You're gonna need a Michael Chiarello NapaStyle cookbook.  I wanna be Michael Chiarello.  

Maybe I just want his kitchen....

RJ


----------



## crewsk (Nov 16, 2004)

Ardge said:
			
		

> crewsk said:
> 
> 
> 
> ...



Yep more that likely it is! I found this recipe on cooks.com. It is very similar to mine but I can't find it right now. May have to call my mom this afternoon & get it from her again.

CHOCOLATE GRAVY      

1 c. sugar
2 tbsp. cocoa
2 tbsp. flour
2 c. milk
1 tsp. vanilla
1 tbsp. butter
Sift sugar, flour, and cocoa together in saucepan, add milk. On medium heat stir until gravy thickens to desired consistancy. Remove from heat add butter and vanilla. Great over hot biscuits for chocolate lovers breakfast.


----------



## choclatechef (Nov 16, 2004)

I will bring some hoecakes!


----------



## crewsk (Nov 16, 2004)

Sounds good chocolatechef!

Hey, Goodweed will have to bring his pancakes!


----------



## middie (Nov 16, 2004)

breakfast at crewsk's....
there ya go crewsk.
the name for your 
business if and when 
you open one    

btw choc gravy sounds delish!!!!


----------



## jkath (Nov 16, 2004)

Well, you all know I'll be bringing a truckload of Haas Avocados from California, as well as my house salsa - gotta kick up those omelettes!


----------



## GB (Nov 16, 2004)

I am not a big breakfast fan (hard when you can't stand eggs), but I will happily bring mimosas


----------



## crewsk (Nov 16, 2004)

Sounds good jkath! 

That's cool GB, we'll have stuff other than eggs too. Mimosas are a definant must have!


----------



## Juliev (Nov 16, 2004)

crewsk said:
			
		

> Sounds good jkath!
> 
> That's cool GB, we'll have stuff other than eggs too. Mimosas are a definant must have!

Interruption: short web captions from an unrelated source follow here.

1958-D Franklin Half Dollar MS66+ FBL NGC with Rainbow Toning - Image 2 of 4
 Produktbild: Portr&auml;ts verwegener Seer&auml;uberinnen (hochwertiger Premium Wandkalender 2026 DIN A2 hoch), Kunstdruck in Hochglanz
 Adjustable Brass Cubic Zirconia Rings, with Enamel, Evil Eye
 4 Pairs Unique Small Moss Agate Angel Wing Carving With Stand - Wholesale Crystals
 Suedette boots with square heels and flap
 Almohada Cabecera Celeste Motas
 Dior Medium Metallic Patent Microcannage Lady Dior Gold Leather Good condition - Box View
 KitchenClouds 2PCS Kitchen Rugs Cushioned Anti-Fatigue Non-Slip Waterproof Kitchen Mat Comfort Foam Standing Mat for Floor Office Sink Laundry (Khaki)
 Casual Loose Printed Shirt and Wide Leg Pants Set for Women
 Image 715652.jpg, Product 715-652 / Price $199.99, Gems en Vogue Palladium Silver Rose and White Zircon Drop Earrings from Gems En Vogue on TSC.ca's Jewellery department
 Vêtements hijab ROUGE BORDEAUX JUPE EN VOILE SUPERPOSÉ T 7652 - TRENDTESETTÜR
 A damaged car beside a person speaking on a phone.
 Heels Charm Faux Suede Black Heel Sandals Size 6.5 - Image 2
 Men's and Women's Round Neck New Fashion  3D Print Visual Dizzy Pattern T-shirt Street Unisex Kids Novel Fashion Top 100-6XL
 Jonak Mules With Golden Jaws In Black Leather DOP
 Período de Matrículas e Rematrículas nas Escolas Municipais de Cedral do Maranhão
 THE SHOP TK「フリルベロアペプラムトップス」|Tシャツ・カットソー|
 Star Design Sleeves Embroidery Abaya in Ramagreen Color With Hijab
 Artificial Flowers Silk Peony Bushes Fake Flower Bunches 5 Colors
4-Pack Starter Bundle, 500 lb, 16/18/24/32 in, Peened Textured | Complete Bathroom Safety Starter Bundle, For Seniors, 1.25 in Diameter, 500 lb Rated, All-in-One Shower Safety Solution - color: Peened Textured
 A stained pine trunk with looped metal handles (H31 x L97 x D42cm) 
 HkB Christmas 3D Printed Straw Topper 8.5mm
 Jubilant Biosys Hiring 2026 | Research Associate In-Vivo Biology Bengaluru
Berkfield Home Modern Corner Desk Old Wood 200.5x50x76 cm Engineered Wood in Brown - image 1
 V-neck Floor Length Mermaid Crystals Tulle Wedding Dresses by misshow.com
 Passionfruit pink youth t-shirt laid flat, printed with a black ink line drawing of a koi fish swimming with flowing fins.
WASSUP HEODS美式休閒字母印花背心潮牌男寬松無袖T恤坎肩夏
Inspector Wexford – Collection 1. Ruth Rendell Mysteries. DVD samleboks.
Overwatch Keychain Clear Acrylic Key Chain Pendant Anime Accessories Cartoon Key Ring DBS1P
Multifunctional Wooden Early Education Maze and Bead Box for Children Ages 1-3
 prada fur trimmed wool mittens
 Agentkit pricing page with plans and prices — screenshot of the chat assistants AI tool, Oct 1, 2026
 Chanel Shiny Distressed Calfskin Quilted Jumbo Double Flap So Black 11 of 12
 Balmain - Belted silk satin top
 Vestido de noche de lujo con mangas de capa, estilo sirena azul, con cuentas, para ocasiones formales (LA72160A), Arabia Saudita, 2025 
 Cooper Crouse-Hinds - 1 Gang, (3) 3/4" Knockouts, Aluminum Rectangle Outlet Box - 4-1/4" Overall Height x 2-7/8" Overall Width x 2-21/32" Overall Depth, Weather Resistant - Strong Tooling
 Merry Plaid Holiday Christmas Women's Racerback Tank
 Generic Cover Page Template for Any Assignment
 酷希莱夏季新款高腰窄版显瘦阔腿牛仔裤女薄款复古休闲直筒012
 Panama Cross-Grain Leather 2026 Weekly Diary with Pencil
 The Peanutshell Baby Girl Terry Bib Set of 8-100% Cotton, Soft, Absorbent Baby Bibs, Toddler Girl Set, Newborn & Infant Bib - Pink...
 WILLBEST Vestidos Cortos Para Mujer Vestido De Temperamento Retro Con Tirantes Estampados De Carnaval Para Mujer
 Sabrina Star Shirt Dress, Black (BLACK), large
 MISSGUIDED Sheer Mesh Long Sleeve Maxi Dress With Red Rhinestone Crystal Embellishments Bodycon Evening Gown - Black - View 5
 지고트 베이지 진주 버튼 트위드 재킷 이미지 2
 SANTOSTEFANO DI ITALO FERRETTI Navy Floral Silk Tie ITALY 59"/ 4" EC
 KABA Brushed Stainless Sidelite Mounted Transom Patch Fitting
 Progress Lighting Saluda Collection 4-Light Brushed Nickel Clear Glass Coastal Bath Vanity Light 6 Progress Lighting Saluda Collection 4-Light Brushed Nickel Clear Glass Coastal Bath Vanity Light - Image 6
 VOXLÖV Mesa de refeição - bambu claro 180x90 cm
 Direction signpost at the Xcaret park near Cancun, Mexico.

I will buy some peaches along the way so I can have my bellinis.


----------



## Juliev (Nov 16, 2004)

Applesauce Breakfast Cake:

1 cup unsweetened applesauce or crushed pineapple
1/4 cup molasses
1/4 cup honey
1/2 tsp vanilla
1/4 tsp almond extract
1 1/2 cup pancake mix
2 tsp canola oil

Mix liquids thoroughly. Add the dry mix. Stir gently. Pour into a
well-greased square cake pan. Bake at 350° for 20 minutes or until
done. Serve warm with butter and syrup or with a dollop of flavored
yogurt.


----------



## buckytom (Nov 16, 2004)

i'll bring the bread. jewish rye from brooklyn, portugese rolls from newark, italian semolina bread from the grand concourse in the bronx, and white bread from conneticut (just kidding)...


----------



## Barbara L (Nov 17, 2004)

I'll bring the Swedish Tea Ring!

 Barbara


----------



## SierraCook (Nov 17, 2004)

I will bring my broccoli frittata.  I think we need salsa to go with jkath's avocados, so I will bring that, too.    Anybody up for having gin fizzes, they are great to have with breakfast.  We won't have to make them very strong.


----------



## Ardge (Nov 17, 2004)

SierraCook said:
			
		

> I will bring my broccoli frittata.  I think we need salsa to go with jkath's avocados, so I will bring that, too.    *Anybody up for having gin fizzes, they are great to have with breakfast.  We won't have to make them very strong*.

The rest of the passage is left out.